Yan-gun presented a remarkable sight. A dozen red crosses waved over houses at different points. In the main street every shop was closely barricaded, and a cross was pasted on nearly every door. These crosses, roughly painted on paper in red ink, were obtained from the elder of the Roman Catholic church there. A week before some Japanese soldiers had arrived and burned a few houses. They spared one house close to them waving a Christian cross. As soon as the Japanese left nearly every one pasted a cross over his door.
At first Yan-gun seemed deserted. The people were watching me from behind the shelter of their doors. Then men and boys crept out, and gradually approached. We soon made friends. The women had fled. I settled down that afternoon in the garden of a Korean house of the better type. My boy was preparing my supper in the front courtyard, when he suddenly dropped everything to rush to me. “Master,” he cried, highly excited, “the Righteous Army has come. Here are the soldiers.”
In another moment half a dozen of them entered the garden, formed in line in front of me and saluted. They were all lads, from eighteen to twenty-six. One, a bright-faced, handsome youth, still wore the old uniform of the regular Korean Army. Another had a pair of military trousers. Two of them were in slight, ragged Korean dress. Not one had leather boots. Around their waists were home-made cotton cartridge belts, half full. One wore a kind of tarboosh on his head, and the others had bits of rag twisted round their hair.
I looked at the guns they were carrying. The six men had five different patterns of weapons, and none was any good. One proudly carried an old Korean sporting gun of the oldest type of muzzle-loaders known to man. Around his arm was the long piece of thin rope which he kept smouldering as touch-powder, and hanging in front of him were the powder horn and bullet bag for loading. This sporting gun was, I afterwards found, a common weapon. The ramrod, for pressing down the charge, was home-made and cut from a tree. The barrel was rust-eaten. There was only a strip of cotton as a carrying strap.
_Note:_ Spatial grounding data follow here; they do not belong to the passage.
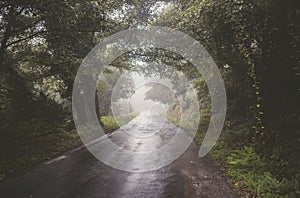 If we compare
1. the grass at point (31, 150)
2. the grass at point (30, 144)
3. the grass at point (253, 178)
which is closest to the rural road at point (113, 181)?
the grass at point (253, 178)

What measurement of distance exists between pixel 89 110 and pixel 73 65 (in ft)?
33.4

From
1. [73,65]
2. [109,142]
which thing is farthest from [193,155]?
[73,65]

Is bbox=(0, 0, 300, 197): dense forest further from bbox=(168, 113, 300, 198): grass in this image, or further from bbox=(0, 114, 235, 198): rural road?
bbox=(0, 114, 235, 198): rural road

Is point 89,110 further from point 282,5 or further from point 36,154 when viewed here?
point 282,5

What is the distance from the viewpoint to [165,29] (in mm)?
16141

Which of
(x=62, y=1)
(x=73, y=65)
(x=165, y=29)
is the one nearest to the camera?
(x=62, y=1)

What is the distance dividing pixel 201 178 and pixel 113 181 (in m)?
2.79

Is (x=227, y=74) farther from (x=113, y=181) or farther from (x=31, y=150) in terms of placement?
(x=31, y=150)

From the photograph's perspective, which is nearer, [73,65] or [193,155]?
[193,155]

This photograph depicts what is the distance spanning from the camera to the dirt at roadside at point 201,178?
7367mm

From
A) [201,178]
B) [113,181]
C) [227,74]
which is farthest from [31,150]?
[227,74]

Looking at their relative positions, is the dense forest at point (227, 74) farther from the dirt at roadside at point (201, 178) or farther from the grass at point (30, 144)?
the dirt at roadside at point (201, 178)

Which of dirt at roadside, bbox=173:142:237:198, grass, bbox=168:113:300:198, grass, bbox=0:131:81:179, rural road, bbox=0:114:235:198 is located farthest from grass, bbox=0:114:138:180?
grass, bbox=168:113:300:198

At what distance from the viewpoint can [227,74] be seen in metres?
15.8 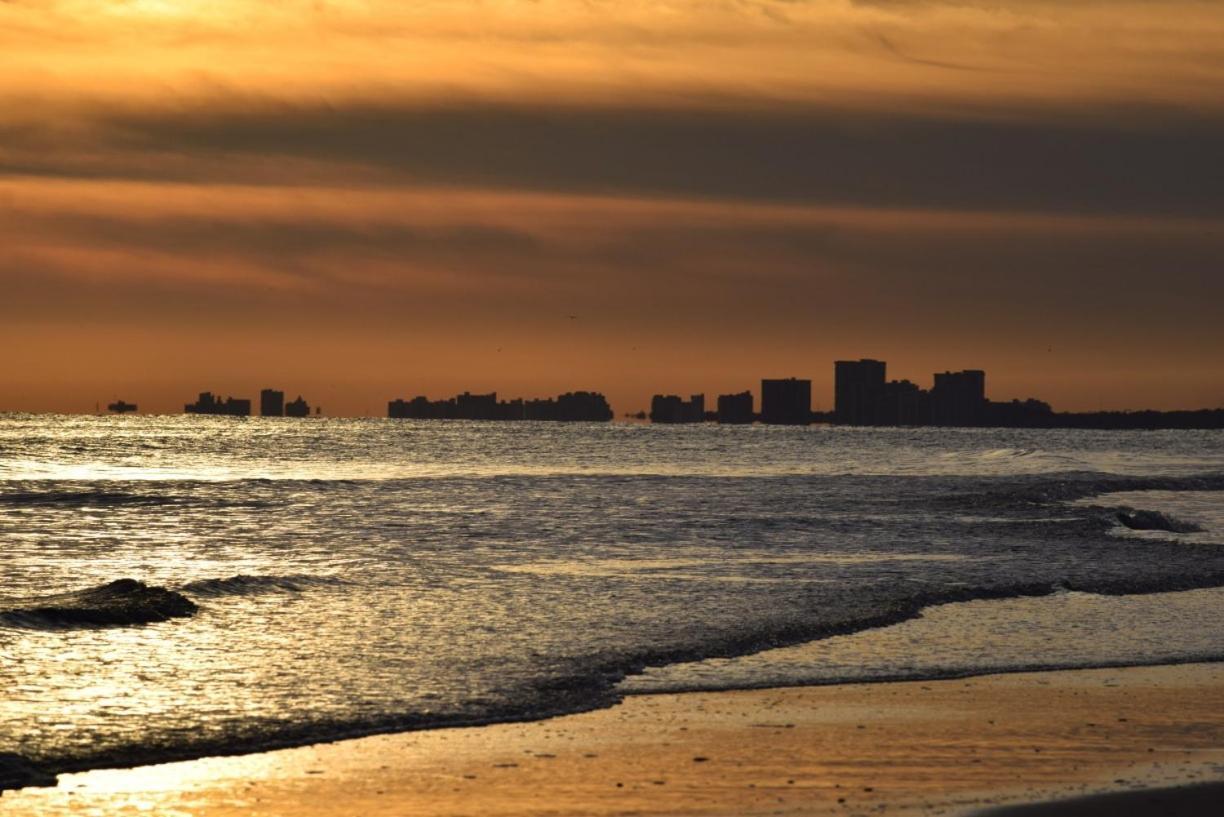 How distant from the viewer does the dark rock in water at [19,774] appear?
12.7m

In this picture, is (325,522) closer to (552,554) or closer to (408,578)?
(552,554)

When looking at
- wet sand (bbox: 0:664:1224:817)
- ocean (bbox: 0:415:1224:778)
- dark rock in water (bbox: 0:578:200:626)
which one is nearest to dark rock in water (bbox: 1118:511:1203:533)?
ocean (bbox: 0:415:1224:778)

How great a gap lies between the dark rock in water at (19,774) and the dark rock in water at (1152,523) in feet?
135

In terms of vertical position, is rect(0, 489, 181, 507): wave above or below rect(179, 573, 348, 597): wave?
below

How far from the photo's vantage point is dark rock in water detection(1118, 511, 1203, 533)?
48.0 m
The second man had an old Korean army rifle, antiquated, and a very bad specimen of its time. The third had the same. One had a tiny sporting gun, the kind of weapon, warranted harmless, that fathers give to their fond sons at the age of ten. Another had a horse-pistol, taking a rifle cartridge. Three of the guns bore Chinese marks. They were all eaten up with ancient rust.
These were the men—think of it—who for weeks had been bidding defiance to the Japanese Army! Even now a Japanese division of regular soldiers was manoeuvring to corral them and their comrades. Three of the party in front of me were coolies. The smart young soldier who stood at the right plainly acted as sergeant, and had done his best to drill his comrades into soldierly bearing. A seventh man now came in, unarmed, a Korean of the better class, well dressed in the long robes of a gentleman, but thin, sun-stained and wearied like the others.